Wie im Horizont des Islam der Halbmond, so ist in unseren durch christliche Tradition geprägten Ländern das Kreuz ein allgegenwärtiges Symbol am Rand von Wegen und Straßen, in Schulen und Krankenzimmern, auf Friedhöfen und selbstverständlich in jedem Kirchenraum. Manchmal ist es ein leeres Kreuz aus Holz oder Metall, zuweilen auch gefertigt aus kostbarem Material wie Elfenbein oder Edelmetall. Öfter ist es verbunden mit der Gestalt Christi als Leidendem, Sterbendem oder auch allem Leid bereits Entzogenem.

Vordergründig betrachtet ist das Kreuz nur ein Zeichen des Schreckens, ein Instrument zur Bereitung eines schrecklichen Todes.
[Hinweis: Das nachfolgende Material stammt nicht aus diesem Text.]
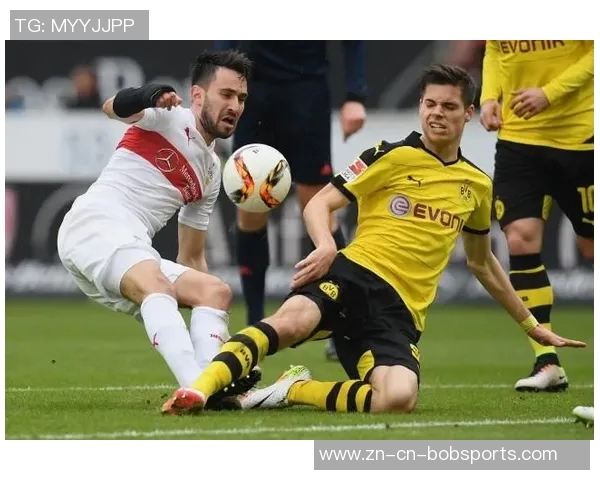 多特蒙德半场领先斯图加特埃姆雷詹点球破门拜尔补射得分 多特蒙德半场领先斯图加特埃姆雷詹点球破门拜尔补射得分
Es wird aber zum Zeichen der Tröstung und Zuversicht im Blick auf den jungen Mann aus Nazaret, der daran geheftet war und gestorben ist. Er ist nicht ein gescheiterter Idealist, sondern ebenso Menschen- wie Gottessohn.

 

Im Ereignis seiner Auferstehung hat sich ein für allemal enthüllt, dass die Liebe stärker ist als der Hass, die Heiligkeit stärker als die Sünde, das Lamm Gottes stärker als die Menschenwölfe. Das Osterereignis verwandelt das dürre Kreuzesholz in einen Lebensbaum.
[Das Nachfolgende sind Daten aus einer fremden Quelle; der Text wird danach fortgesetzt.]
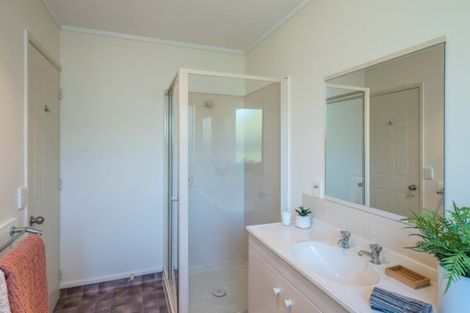 Photo of property in 73 Park Avenue, Waikanae, 5036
Es gibt großartige Kreuzbilder, die zugleich den Tod Jesu am Karfreitag und den Tod seines Todes zu Ostern darstellen. Ein solches Bild ist das große Mosaik in der römischen Kirche San Clemente, das einen jungen, aus dem Tod ins ewige Leben hinübergegangenen Christus zeigt, wie er, geheftet an einen mit Blüten und Früchten bedeckten Baum, leidüberhoben in Kreuzgestalt die Arme ausbreitet: „Seht das Holz des Kreuzes, an dem das Heil der Welt hing.“ Dieser Typus des Kreuzbildes sollte eine stärkere Verbreitung finden.